Thursday, October 4, 2012

If a window breaks, but nobody's there to hear it, does Falling Glass make a sound?

To answer this new variant on the old, ponderous, essentially pointless question that has baffled Philosophy 101 students for decades, Falling Glass doesn't just make a sound. It begins with a thunderous roar and never lets up.

Falling Glass is not Adrian McKinty's latest crime thriller, but it is his most recent to be released in the US as of tomorrow. If, like me, you worship at the darkly comic and violently poetic altar of McKinty and wear your fanboyness unabashedly on your sleeve, then you probably already purchased your copy through international channels. If this is the first you're hearing of the book, or of McKinty himself, then I'm really jealous of you.

This book represents a return of sorts to McKinty's Dead Trilogy, which I blogged about before.
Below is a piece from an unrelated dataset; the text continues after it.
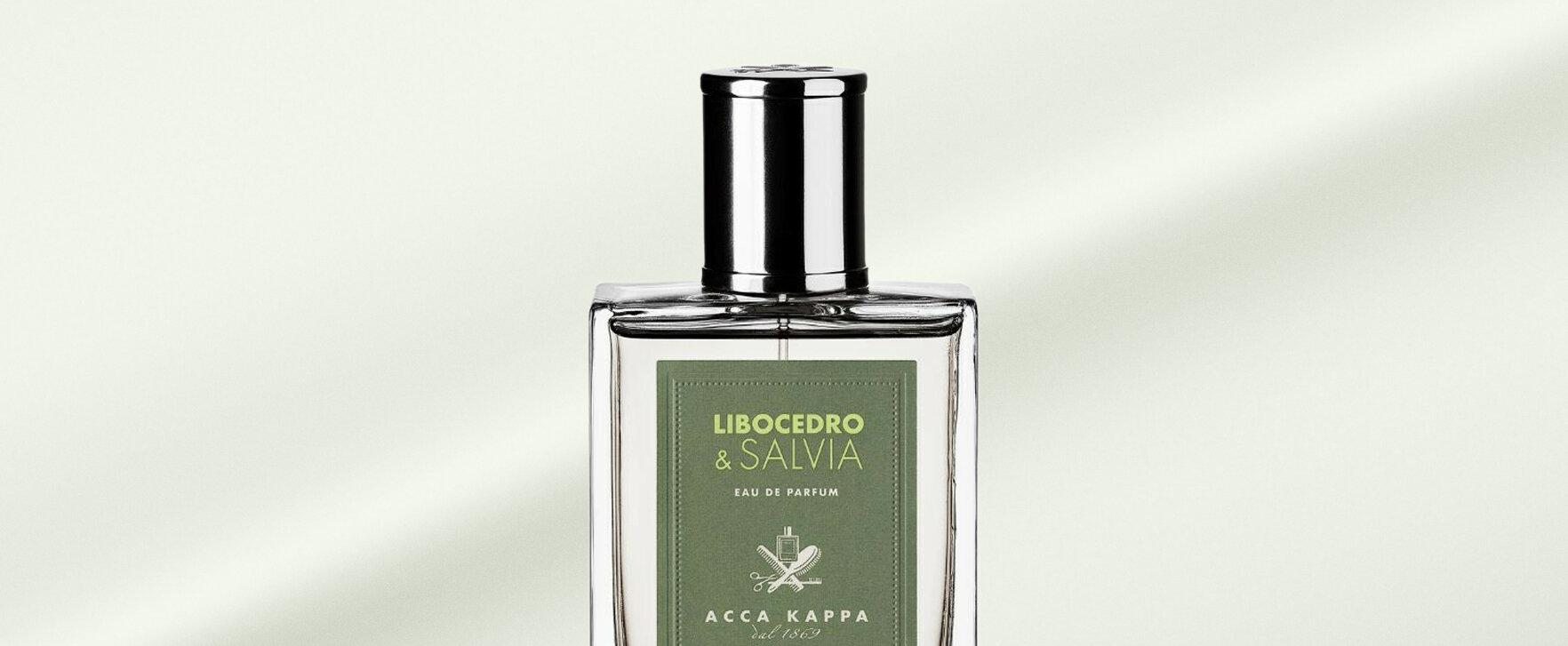 Acca Kappa stellt den neuen holzig-grünen Unisexduft „Libocedro & Salvia“ vor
A minor character from that universe plays the lead here: Killian, a Pavee or Traveller, is forced by the economic downturn and burst housing bubble in Ireland to return to the Life. On the payroll of an Irish millionaire businessman, Killian takes on a wandering wife and kiddies job, but of course nothing is at it ever seems in the world of the thriller and before you know it Killian's own life is in danger as he must outwit a Russian ex-mercenary and ...

Okay, gotta stop myself there before I give away the entire plot. If you love crime fiction, if you love nuanced characters, if you love dark humor, if you love language itself, buy this book and you won't be disappointed.

As an aside, McKinty maintains a great blog and takes the time to respond to comments from readers. Most authors don't do this but McKinty makes himself accessible to all, always one to enjoy the craic so to speak.

By the way, the answer to that dumb old question, does a tree that falls in the woods make a sound if no one's there to hear it, is yes, of course it makes a sound. As my good buddy Mark, a pragmatic engineer who cuts through BS sophistry with a chain saw on a regular basis, once explained to a roomful of drunk undergrads many, many moons ago: sound is a wave. There are plenty of sound waves that man cannot hear but we still consider them sounds. A tree that collides with a forest floor will produce some kind of sound wave, doesn't matter if it's loud enough to hear or if there's anybody there to hear it.

Or something like that. I don't remember. I might have been drunk.